HIGH POTENCY APIS
Figure 4- Synthetic route to topotecan using cascade radical reaction
Case study 2
Topotecan is a synthetic, watersoluble analogue of the natural chemical compound camptothecin. Its hydrochloride salt is used to treat ovarian, lung and other cancers. After GlaxoSmithKline received final FDA approval in 2007, it became the first topoisomerase I inhibitor for oral use.
A convergent second-generation synthesis was reported using a radical cascade reaction with an isonitrile derivative( Figure 4). 5 N-Propargylation of lactone( 7) under optimised conditions with propargyl bromide provided the intermediate( 8) in 88 % yield.
In the key radical cascade, a solution of 8, p-hydroxyphenylisonitrile, and hexamethyldistannane( 1.5 eq.) in benzene was warmed to 70 ° C and irradiated with a sun lamp, providing 9 in 51 % yield, and subsequent demethylation with HBr provided 10-hydroxycamptothecin( 10). This highly active natural product is the precursor of topotecan( 11).
The key intermediate 5 can be combined in as few as two steps with two variable modules, propargyl bromide and aryl isonitrile derivative, to prepare a range of known and new camptothecin analogues. This strategy was adapted because the radical reaction tolerates various functional groups. It shows the power of cascade radical reactions and, with its short, modular‘ mix-and-match’ strategy, may be useful for preparing larger quantities of these compounds.
Conclusion & perspectives
Scaling up HPAPI production presents significant challenges that require expertise across various fields. Success depends on the processes and mindset used to manage these challenges.
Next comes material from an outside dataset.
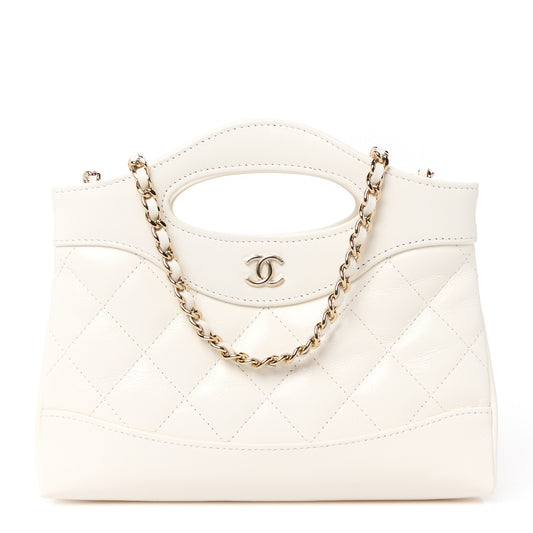 Shiny Lambskin Quilted Nano 31 Shopping Bag White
Rational risk-based approaches provide an integrated platform for synthesis and drug product manufacturing at the critical interface from the pre-clinical through to the clinical stage. The approach follows a long-term perspective by accruing product and process knowledge and controls based on QbD principles to ensure scalability and transferability, as well as manufacturing optimisation and simplification, as more safety data become available.
While some pharmaceutical companies have in-house capabilities, the development of HPAPIs, especially cytotoxics, is often outsourced to CMOs and CDMOs. Flexibility in manufacturing techniques, equipment, and containment options can enhance safety, reduce costs, and increase capacity for HPAPIs.
The demand for better treatments for cancer and other diseases is driving the growth of ultra-high potency APIs. These include ADC toxins and certain psychedelics, which require stringent containment and security measures due to their high potency.
Containment levels for these can be as low as single-digit nanograms or picograms, and they are often cytotoxic or genotoxic, necessitating strict exposure guidelines. Manufacturing these APIs is challenging due to the small dosages needed, typically ranging from 1 to 200 grams. Process development must be done at the milligram scale.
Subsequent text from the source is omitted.